To get her to eat the dry dog food, I put the food in her expen or crate and spill a little close to the door. I then let my other dogs come over and try to get the spilled food from outside the crate or expen. This will spur her to eat the dog food but even then not very enthusiastically. 

If I just put the food in her crate or expen she will only nibble on a few pieces. 

Last night I did wet the food down and mixed in about a teaspoon of ceaser canned food with the dry food. I also hand fed the food to her. She did eat that with gusto but I don't want to do this forever. 

She does eat training treats fine. I vary those and they include cheese, soft comerical treats, ham, deli turkey, etc.


----------



## texasred (Jan 29, 2012)

Some of these dogs just seem to be picky eaters. Out of my 3, 1 is that way. I just gave in and doctor her food. With 2 other dogs in the house that would love to have her food too, it just seemed easier for me.


----------



## franzonaling (Jun 2, 2015)

Seems as though it's relatively common for vizslas to be picky eaters... A lot of the ones we've met at the park typically get "toppers" or mix-ins with their food. We usually do a spoonful of rice, some pumpkin, and/or some sort of meat in broth like plain chicken breast. Other owners do the same plus sweet potatoes, Rotisserie chicken, yogurt, egg, etc. Our almost-5 month old will eat her Taste of the Wild Puppy plain but she has to be really hungry for it, and she throws up in the mornings if she has an empty stomach  so we don't chance it. I think at 11 weeks she was around 15 lbs and now she's 30lbs and growing fast. Good luck!


----------



## Canadian Expy (Feb 27, 2013)

franzonaling said:


> Our almost-5 month old will eat her Taste of the Wild Puppy plain but she has to be really hungry for it, and she throws up in the mornings if she has an empty stomach


Our boy is the same - high energy and high metabolism. We now split his feedings into 3, with his "second supper" given around 9 pm. This has stopped his early morning throw ups entirely, and he is now 2.5 years. 

Each pup is different and we must adjust as necessary. Additives can help entice, but be sure to stagger them so your pup doesn't come to expect them and hold out until they get them.


----------



## hotmischief (Mar 11, 2012)

My 10month old pup is exactly like yours. I normally feed raw but will feed anything I can get him to eat. He is on the go all day(so no energy issues) and is not thin so is obviously getting what he needs. i have found some vitamin tablets which he will eat like treats - so hope he gets all the vitamins he needs. Full fat Goats milk with manuka honey is also a good way of making sure they get calcium and fat - mine loved it. 

I also tease the pup with the older dog like you - sometimes works some times he walks off. 
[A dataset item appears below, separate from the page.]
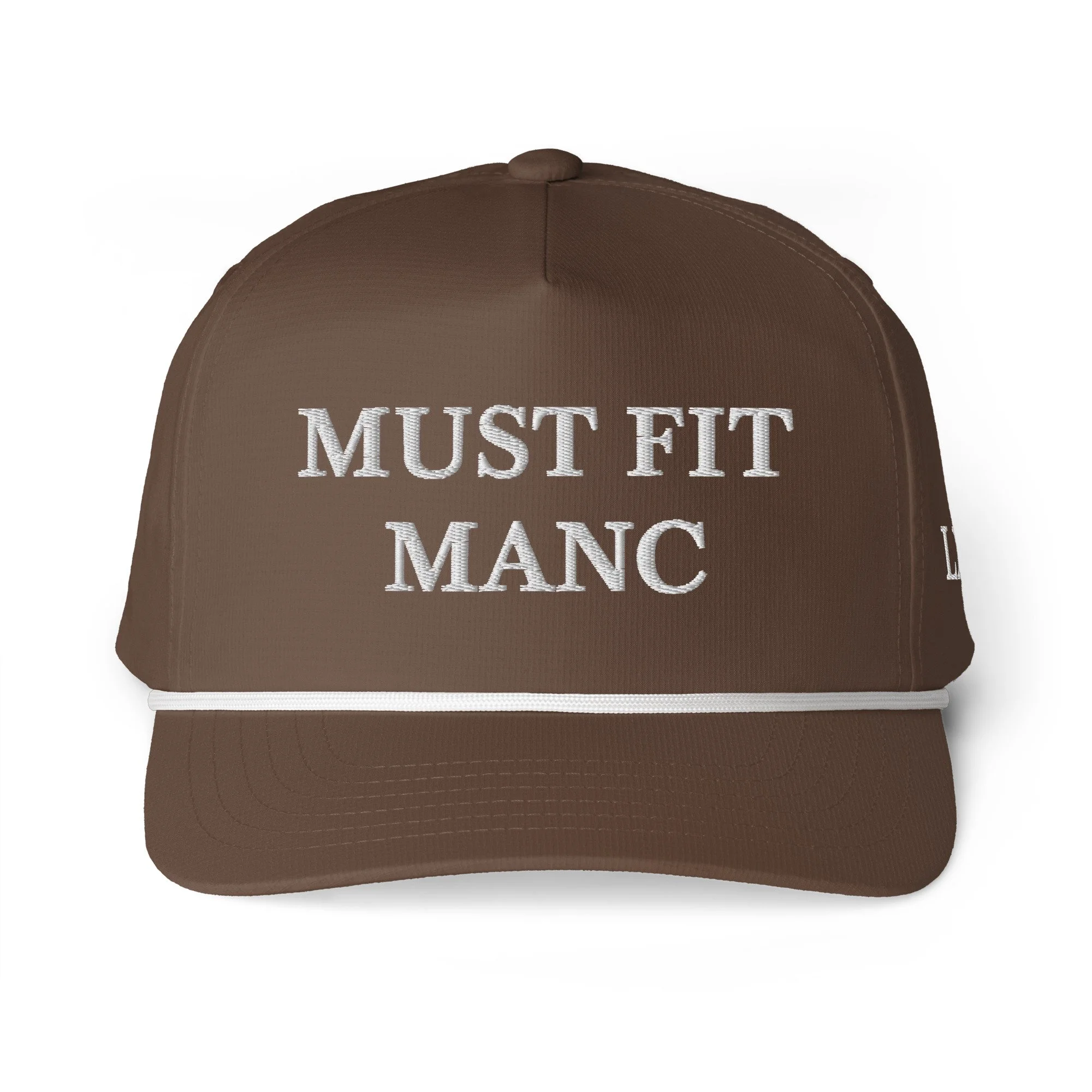 sunwashed-rope-cap-espresso-front-6ab6efbe49a49.jpg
There are three things here 1) it is early days for your pup who is still settling in to his new home 2) a dog will never starve itself - so don't worry too much. 3) now for me to be honest - my puppy is controlling me! By wanting to be hand fed or have something different each day they are controlling you. Mine is definitely, in your case it may be that he hasn't settled in yet. I won't say I have solved the problem, but if he doesn't eat his food after a few minutes I take it away - that is that. Sometimes in the evening he is so hungry he will eat up, but if he doesn't I put kibble in his crate at night and it is usually gone by morning. If you do this don't forget to put water in for with your pup.


----------



## pjcodner (Jun 1, 2015)

We add about a tablespoon or more of canned PUMPKIN to the kibble. Sometimes I also add a splash of water to make the meal soupy. It slows her down and takes her longer to eat. She loves it!

We never had a picky eater, but I can only imagine how stressful it must be. Hope this helps!


----------